Pacquiao’s remaining skill set is still world-class enough to beat Danny “Swift” Garcia, Mikey Garcia, Shawn Porter, Adrien Broner or Lamont Peterson. However, Vasyl Lomachenko, still settling into his seat on the same train, is a multidimensional, science fiction rendition of Nicolino Locche in an aggressive jazz ensemble. Loma would simplify Pacquiao, turning any Calculus into 1+2, 3 and 4 with pace. The neo-nomasman would not make Pacquiao quit, but he would force the conductor to throw him off the train. A malfunctioned and badly damaged Pac-Man machine would read “Game Over” with a high score under Hi-Tech.
Excerpt from “Vasyl Lomachenko V Manny Pacquiao: The Locomotive Train”, January 2018
We really are prisoners of the moment, aren’t we folks? I mean, Senator Manny Pacquiao goes out and bludgeons Lucas Matthysse, so now he’s the 2nd coming of the “Pac-Man” who gut checked and gutted Miguel Cotto in 2009, right?
As impressive as he was, Manny would’ve always spanked a Matthysse basically from his era. In 2010, when Pacquiao was an aggressive A+ fighter of uncanny movement, punch sequence, rhythm and otherworldly speed and power from a patented southpaw position, Matthysse was a super elite club fighter with dangerous one-punch ability.
A solid B-level/bootleg version of that Pacquiao in Zab Judah was solving Matthysse like easy puzzles from “Wheel of Fortune.” So it came as no surprise that the remnants of an all-time great was able to soundly stop what was a very good club fighter Golden Boy masqueraded as elite, though trained eyes knew better. That’s why it’s somewhat easy to gauge what the 2018 version of Pacquiao can do – and what he cannot do, against the likes of Vasyl Lomachenko.

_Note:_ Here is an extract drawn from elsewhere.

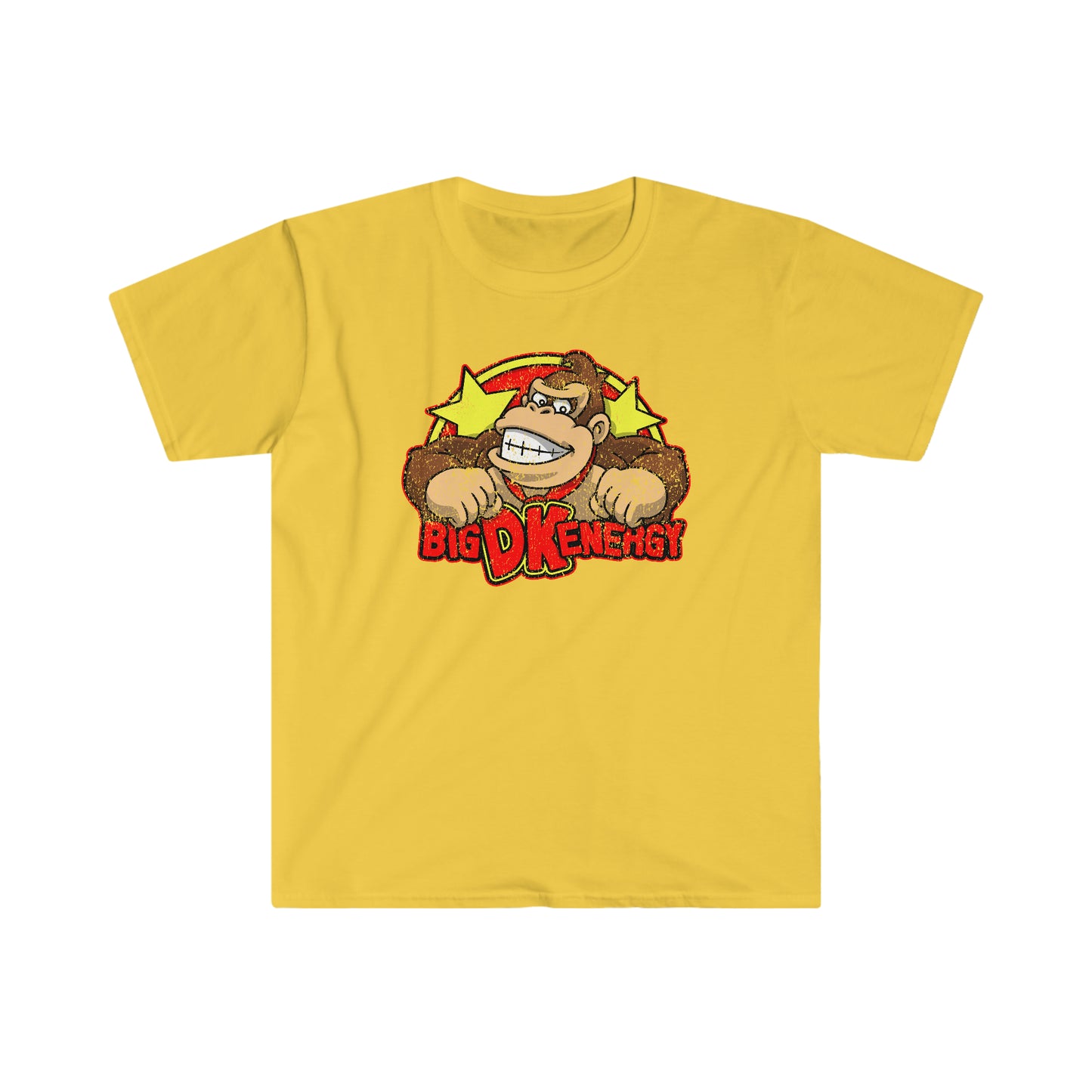 Big DK Energy 2.0 t-shirt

A very rare and special conditioning advantage Pacquiao would still have over virtually anyone he can still face, would be negated by Loma’s ungodly conditioning program. Factor in a pronounced edge in consistent youthful athleticism and volume, and their styles produce a very different version of his classic with Oscar De La Hoya in a way more competitive than humiliating. That fight would probably end with Buboy Fernandez rescuing an old Pacquiao in the same way Marco Antonio Barrera was saved from a young one.
The Ghost of Duran
But now that Lucas Matthysse, “The Machine,” has been Pac-Man’d and stripped of his “regular” WBA welterweight championship status, the casuals have started weighing in with hardcore imagination, so let’s help them out. A best case scenario for Pacquiao, if he truly decides to give Jinkee the best Christmas present of all-time, is to just… retire.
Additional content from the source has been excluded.